Since its opening Sept. 11, 2011, Crystal Bridges set forth to be a valuable educational resource for the region. A generous donation from the Willard and Pat Walker Charitable Foundation of Springdale established a $10 million endowment for Crystal Bridges to provide school groups with funds necessary for a complete museum visit, including funding to cover the cost of transportation and substitute teachers if needed, lunches for the students and teachers, and pre- and post-visit educational materials.

“Since Crystal Bridges is in an area where an art museum had not previously existed, and because the field trip is free to schools, we had high demand for the tours and decided to select participants via a random lottery,” said Anne Kraybill, Crystal Bridges’ school programs manager. “In initial meetings with the University of Arkansas, it became clear that this lottery system would provide the right conditions for conducting research.”

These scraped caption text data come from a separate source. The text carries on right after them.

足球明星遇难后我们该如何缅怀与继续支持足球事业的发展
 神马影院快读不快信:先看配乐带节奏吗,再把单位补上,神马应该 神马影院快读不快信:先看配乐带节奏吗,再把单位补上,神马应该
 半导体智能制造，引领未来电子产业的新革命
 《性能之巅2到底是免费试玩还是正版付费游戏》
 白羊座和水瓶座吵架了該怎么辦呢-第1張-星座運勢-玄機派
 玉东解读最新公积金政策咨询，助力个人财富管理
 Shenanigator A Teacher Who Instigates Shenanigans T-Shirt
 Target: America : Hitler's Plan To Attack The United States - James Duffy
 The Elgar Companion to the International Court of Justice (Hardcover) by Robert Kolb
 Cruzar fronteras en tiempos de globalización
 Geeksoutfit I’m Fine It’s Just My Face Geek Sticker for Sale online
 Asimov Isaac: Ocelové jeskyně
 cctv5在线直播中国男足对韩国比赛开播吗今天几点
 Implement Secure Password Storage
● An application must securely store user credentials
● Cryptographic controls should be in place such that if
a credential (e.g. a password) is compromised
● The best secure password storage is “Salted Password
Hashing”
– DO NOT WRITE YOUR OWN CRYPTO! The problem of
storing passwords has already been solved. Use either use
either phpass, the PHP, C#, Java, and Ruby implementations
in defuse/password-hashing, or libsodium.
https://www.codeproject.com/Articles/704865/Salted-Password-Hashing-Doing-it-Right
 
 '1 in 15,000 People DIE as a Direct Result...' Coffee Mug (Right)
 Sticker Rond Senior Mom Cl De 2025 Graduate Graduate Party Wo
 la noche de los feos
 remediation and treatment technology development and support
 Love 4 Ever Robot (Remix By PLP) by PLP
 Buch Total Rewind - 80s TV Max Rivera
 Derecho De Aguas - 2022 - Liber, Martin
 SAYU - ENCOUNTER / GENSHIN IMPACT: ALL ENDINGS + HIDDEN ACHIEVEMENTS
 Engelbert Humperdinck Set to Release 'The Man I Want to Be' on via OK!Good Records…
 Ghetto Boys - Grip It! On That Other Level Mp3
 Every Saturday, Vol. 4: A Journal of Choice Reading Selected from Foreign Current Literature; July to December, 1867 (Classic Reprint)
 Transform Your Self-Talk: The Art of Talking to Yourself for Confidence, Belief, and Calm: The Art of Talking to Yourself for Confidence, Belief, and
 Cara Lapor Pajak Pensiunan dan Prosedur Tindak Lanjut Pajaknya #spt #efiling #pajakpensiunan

During the first two semesters of the school tour program, Crystal Bridges received 525 applications from school groups representing 38,347 K-12 students.

Greene, Kisida and Bowen matched pairs among the applicants based on similarity in grade level and other demographic factors.

“An ideal and common matched pair would be adjacent grades in the same school,” said Greene. “We then randomly ordered the matched pairs to determine scheduling prioritization. Within each pair we randomly assigned which applicant would be in the ‘treatment’ group—the group that would receive a tour that semester—and which would be in the control group, whose tour would be deferred to a later time.”

The team administered nearly 11,000 surveys roughly three weeks after they toured the museum.. The surveys included items assessing student knowledge about art, as well as measures of student tolerance, historical empathy, and desire to become cultural consumers. After the survey assessment, each control group was guaranteed a tour during the following semester as a reward for its cooperation.

The team also collected critical thinking measures from students by asking them to write a short essay in response to a painting that they had not previously seen. Finally, they collected a behavioral measure of cultural consumption by providing all students with a coupon good for free family admission to a special exhibition at the museum to see whether the field trip increased the likelihood of students making future visits.

“This research is the first large-scale, randomized controlled trial measuring what students learn from school tours of an art museum,” said Kisida.

Greene said the survey results showed students retained a great deal of factual information from their tours.

For example, 88% of the students who saw the Eastman Johnson painting, At the Camp—Spinning Yarns and Whittling, knew when surveyed weeks later that the painting depicts abolitionists making maple syrup to undermine the sugar industry which relied upon slave labor. 

He said 82% of those who saw Norman Rockwell’s Rosie the RIveter could recall that the painting emphasizes the importance of women entering the workforce during World War II.